### Instructions to follow:
Give the records again exactly. Pictures do not belong in the copy.

### Provided information:
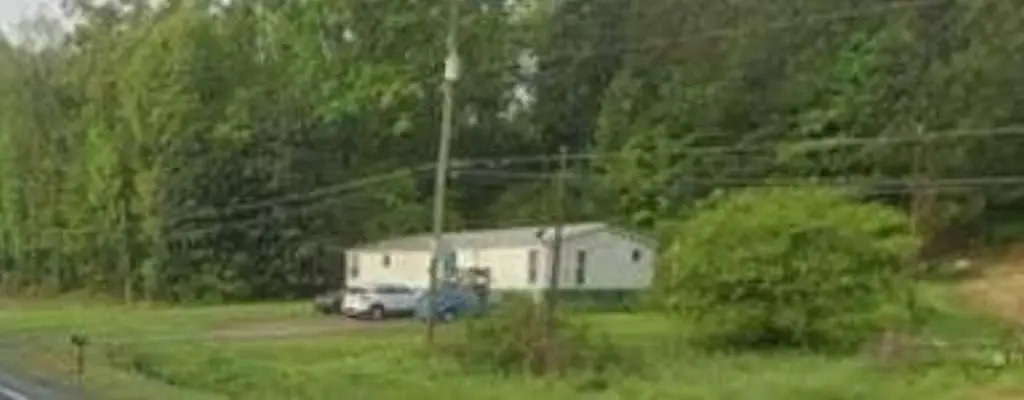 Picture 4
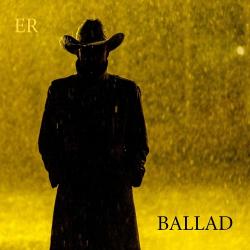 VA - Ballad [Empire Records]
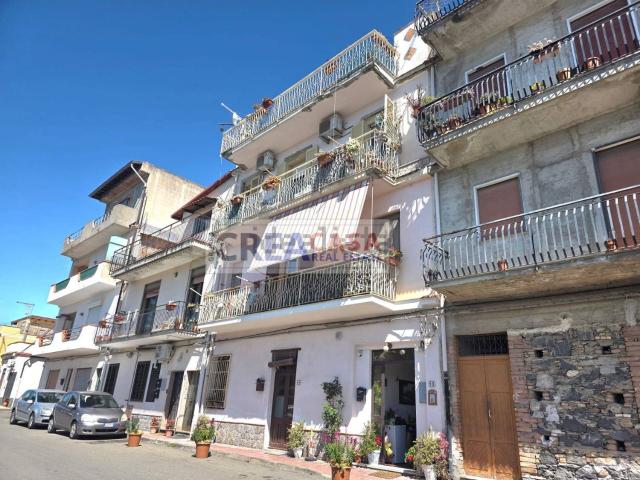Appartamento in vendita a Taormina, Sicilia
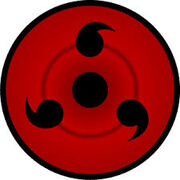 Sharingan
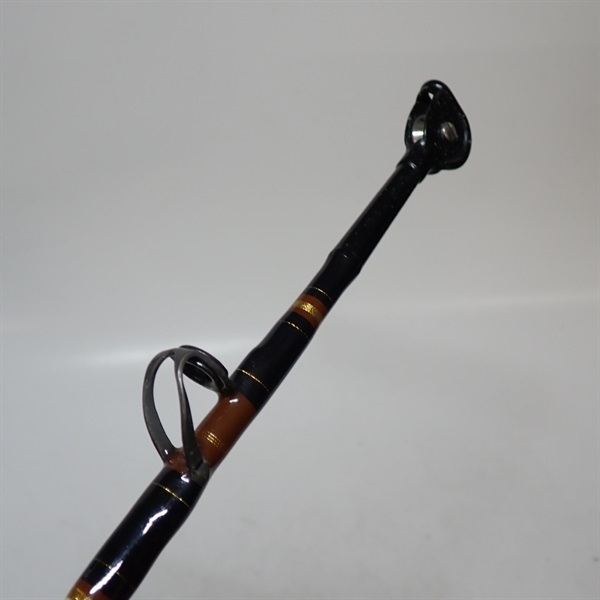 スーパートローリング七島泳がせ５０ＬＢー２４０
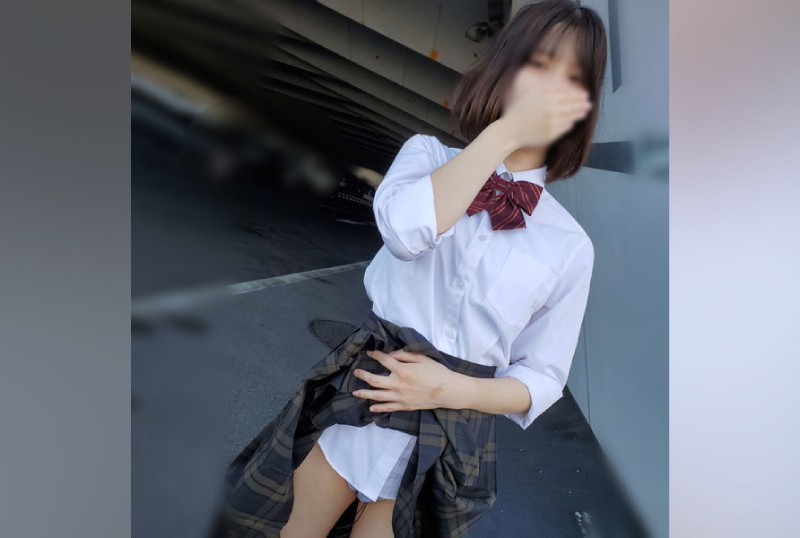 FC2PPV 4070093 [No Moza Until 12/28] Taiyaki-Chan. The Old Man I Met For The First Time Put A Toy In My Pussy And We Went On A Date At A Tourist Spot. Her Sensitive Pussy Is Covered With Sperm Over And Over Again…Is This The Last Time?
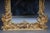 Antique Historicism Gilded Mirror, 1870s For Sale - Image 10 of 18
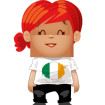 Bufflette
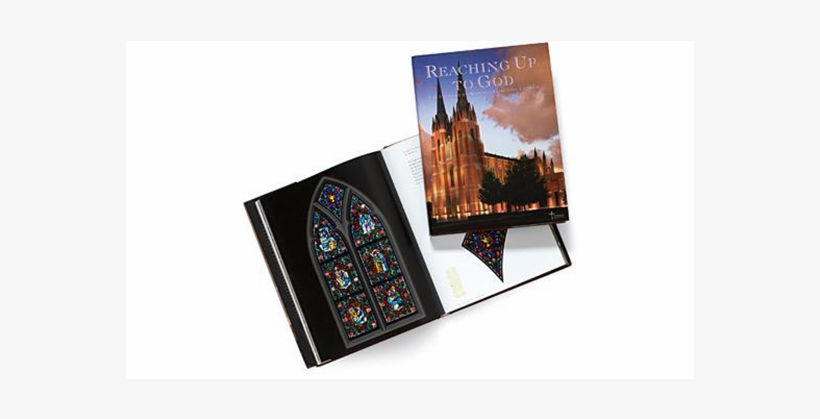 5829 Beverly Hill Street - Banner, transparent png download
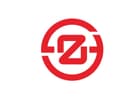TIANJIN JINZHUOYI STEEL CO.,LTD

### Answer to this task:
 Picture 4
 VA - Ballad [Empire Records]
Appartamento in vendita a Taormina, Sicilia
 Sharingan
 スーパートローリング七島泳がせ５０ＬＢー２４０
 FC2PPV 4070093 [No Moza Until 12/28] Taiyaki-Chan. The Old Man I Met For The First Time Put A Toy In My Pussy And We Went On A Date At A Tourist Spot. Her Sensitive Pussy Is Covered With Sperm Over And Over Again…Is This The Last Time?
 Antique Historicism Gilded Mirror, 1870s For Sale - Image 10 of 18
 Bufflette
 5829 Beverly Hill Street - Banner, transparent png download
TIANJIN JINZHUOYI STEEL CO.,LTD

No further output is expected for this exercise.